Diaspora is often presented as an alternative to the idea of national languages and literatures (Tölölyan, “Transnational” 8). Lawrence Venuti, an expert on translation in literature, writes that translation can be part of a nationalist cultural agenda:
Foreign texts are chosen because they fall into particular genres and address particular themes while excluding other genres and themes that are seen as unimportant for the formation of a national identity; translation strategies draw on particular dialects, registers, and styles while excluding others that are also in use; and translators target particular audiences with their work, excluding other constituencies. (“Local 189-90)

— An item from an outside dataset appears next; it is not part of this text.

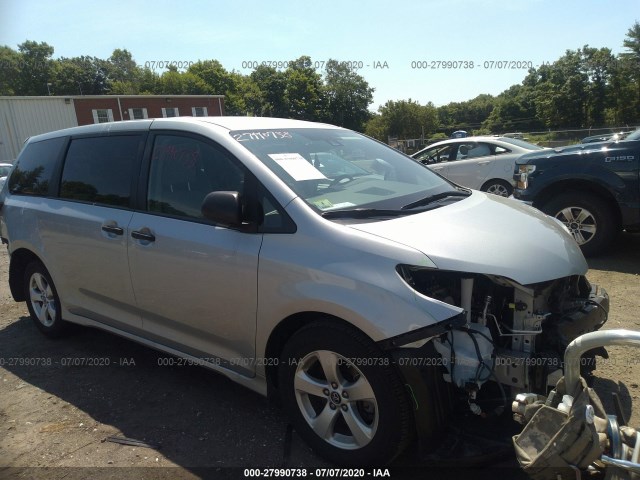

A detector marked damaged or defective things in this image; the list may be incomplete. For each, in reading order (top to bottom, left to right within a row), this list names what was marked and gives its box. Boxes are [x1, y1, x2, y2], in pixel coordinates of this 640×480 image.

Although diasporic and national cultures are different, in both cases translation can serve similar purposes. Sephardic Spanish-to-Hebrew translations bring texts over from a language of national and imperial culture into one of a diasporic language of learning. They reauthorize the works for consumption by the broader, non-Sephardic Jewish community, so their motives for translation were not to make the works in question intelligible to themselves, but rather to represent some version of Spanish or Sephardic culture to the broader Jewish world.
In these translations, we see a conflicting desires at work: on the one hand our translators sought to bring Spanish literature to a broader Jewish audience. In this they were banking on the prestige of Spain as a world power, as a source of great literature, and to a certain extent they identified with Spain’s prestige. But at the same time, their relationship with Spain was conflicted: it was at once their ancestral homeland and the country whose kings had brutally rejected and ejected them. Hakohen’s translation of López de Gómara’s account of the conquest of the Americas demonstrates this conflict in some interesting ways, as we are about to find out.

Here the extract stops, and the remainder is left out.